_What the task requires_
Omit all pictures and transcribe only the lines in the entries below that run from the line with "So therefore, it" through the line with "Computer B, C, and".

_Task input_
——

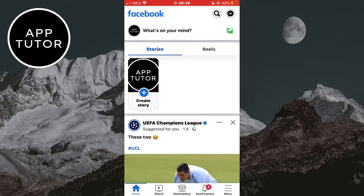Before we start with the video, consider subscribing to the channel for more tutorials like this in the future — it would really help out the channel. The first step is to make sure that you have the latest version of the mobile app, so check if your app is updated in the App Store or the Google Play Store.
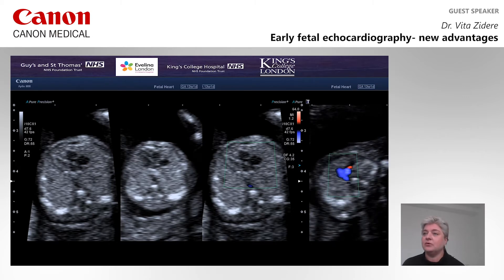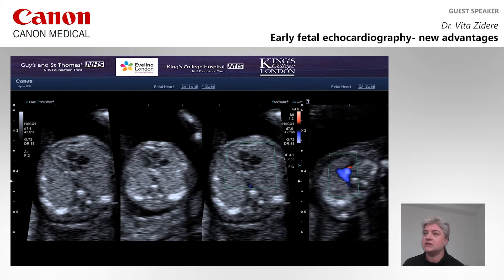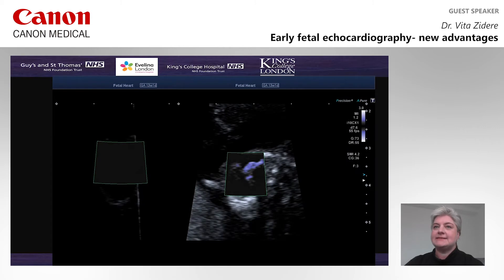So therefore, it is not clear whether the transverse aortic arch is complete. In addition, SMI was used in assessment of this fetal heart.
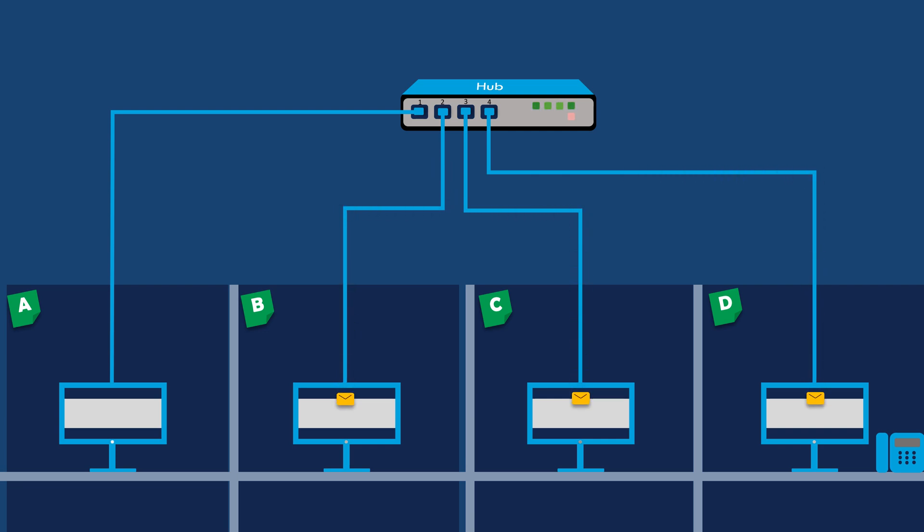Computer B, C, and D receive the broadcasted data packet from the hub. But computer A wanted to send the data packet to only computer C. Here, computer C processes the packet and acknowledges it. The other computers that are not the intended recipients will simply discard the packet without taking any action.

——

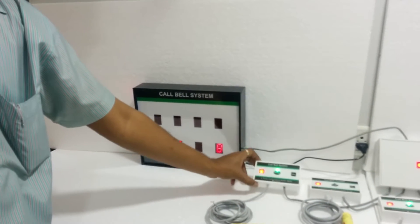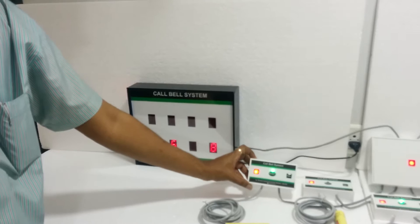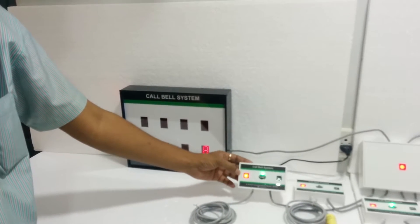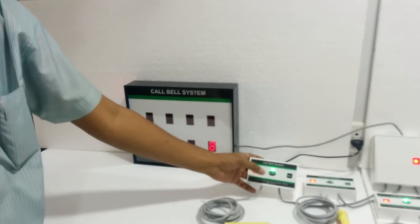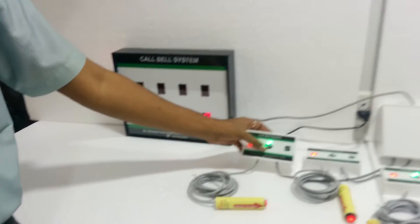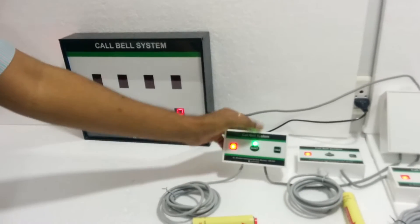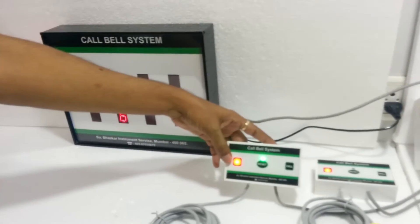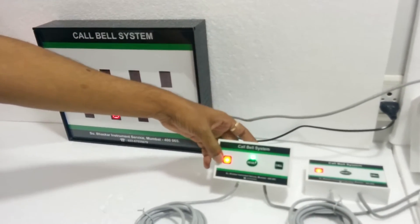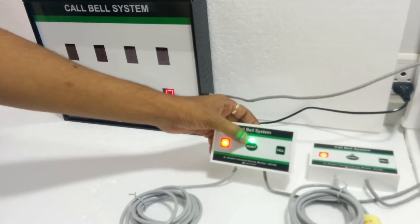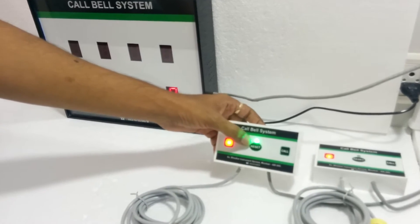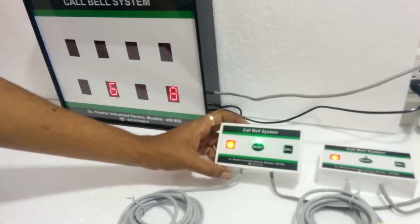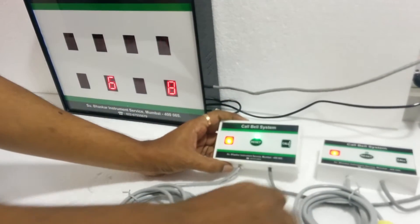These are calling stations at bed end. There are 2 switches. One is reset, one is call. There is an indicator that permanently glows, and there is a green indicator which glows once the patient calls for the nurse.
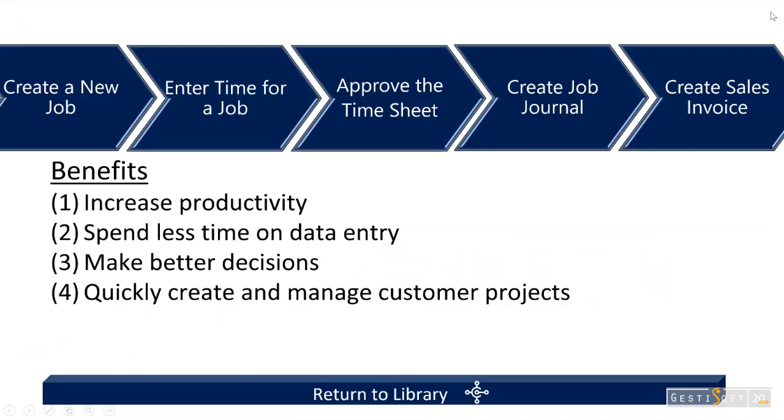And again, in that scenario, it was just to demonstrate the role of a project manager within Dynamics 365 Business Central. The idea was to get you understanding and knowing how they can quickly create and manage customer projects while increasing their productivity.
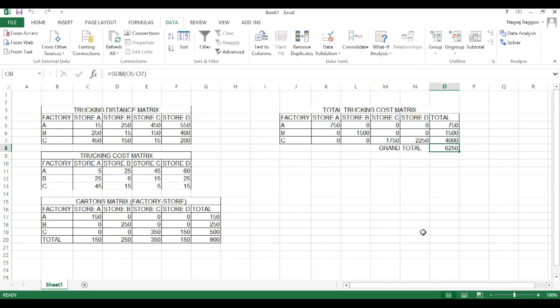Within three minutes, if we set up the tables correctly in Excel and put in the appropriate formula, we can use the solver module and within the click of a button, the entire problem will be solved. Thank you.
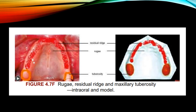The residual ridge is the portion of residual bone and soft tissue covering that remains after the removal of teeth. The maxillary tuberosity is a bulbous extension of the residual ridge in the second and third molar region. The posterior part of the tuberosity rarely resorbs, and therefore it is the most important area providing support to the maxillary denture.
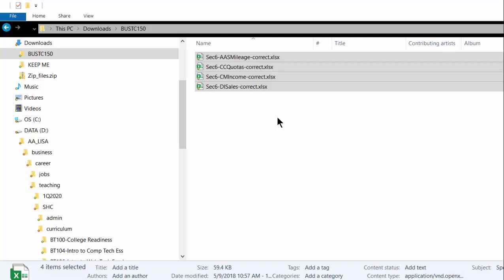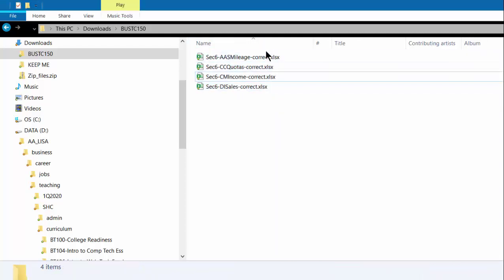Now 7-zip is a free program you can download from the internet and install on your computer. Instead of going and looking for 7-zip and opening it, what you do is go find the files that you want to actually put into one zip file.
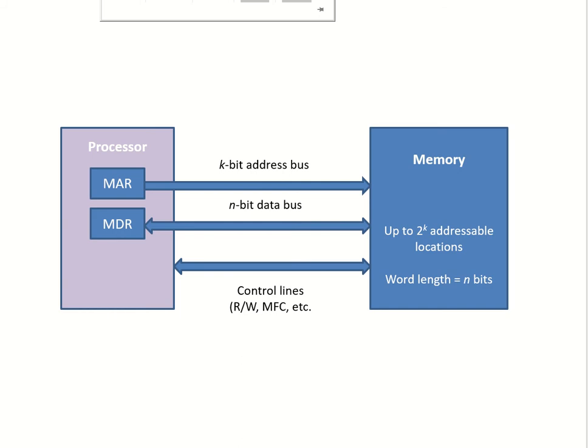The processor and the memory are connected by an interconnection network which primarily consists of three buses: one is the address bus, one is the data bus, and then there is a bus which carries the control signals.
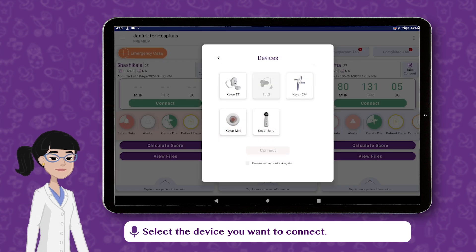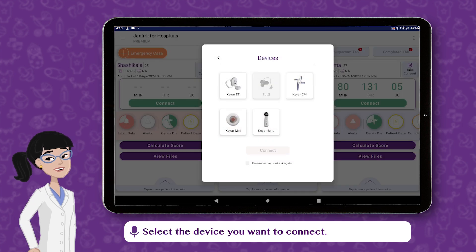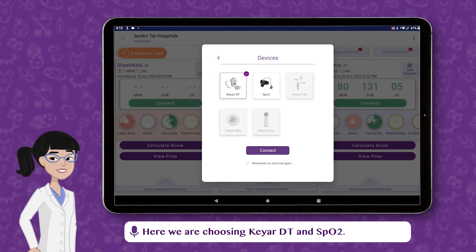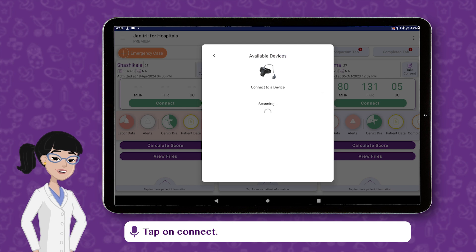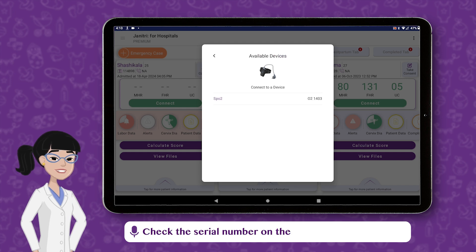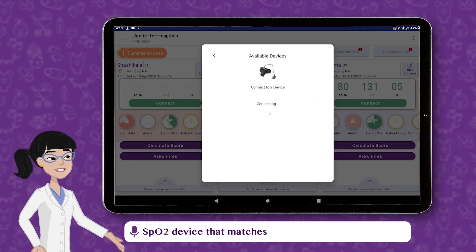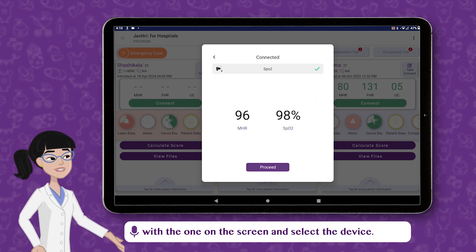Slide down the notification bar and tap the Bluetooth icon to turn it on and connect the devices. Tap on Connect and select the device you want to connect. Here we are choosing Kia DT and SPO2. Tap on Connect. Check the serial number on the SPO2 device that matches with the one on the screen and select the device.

——

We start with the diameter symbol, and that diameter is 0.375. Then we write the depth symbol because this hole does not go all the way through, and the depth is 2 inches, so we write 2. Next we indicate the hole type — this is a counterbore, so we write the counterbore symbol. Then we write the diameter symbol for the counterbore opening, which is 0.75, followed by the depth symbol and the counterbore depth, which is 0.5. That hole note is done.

——

_Completed task_
So therefore, it is not clear whether the transverse aortic arch is complete. In addition, SMI was used in assessment of this fetal heart.
Computer B, C, and D receive the broadcasted data packet from the hub. But computer A wanted to send the data packet to only computer C. Here, computer C processes the packet and acknowledges it. The other computers that are not the intended recipients will simply discard the packet without taking any action.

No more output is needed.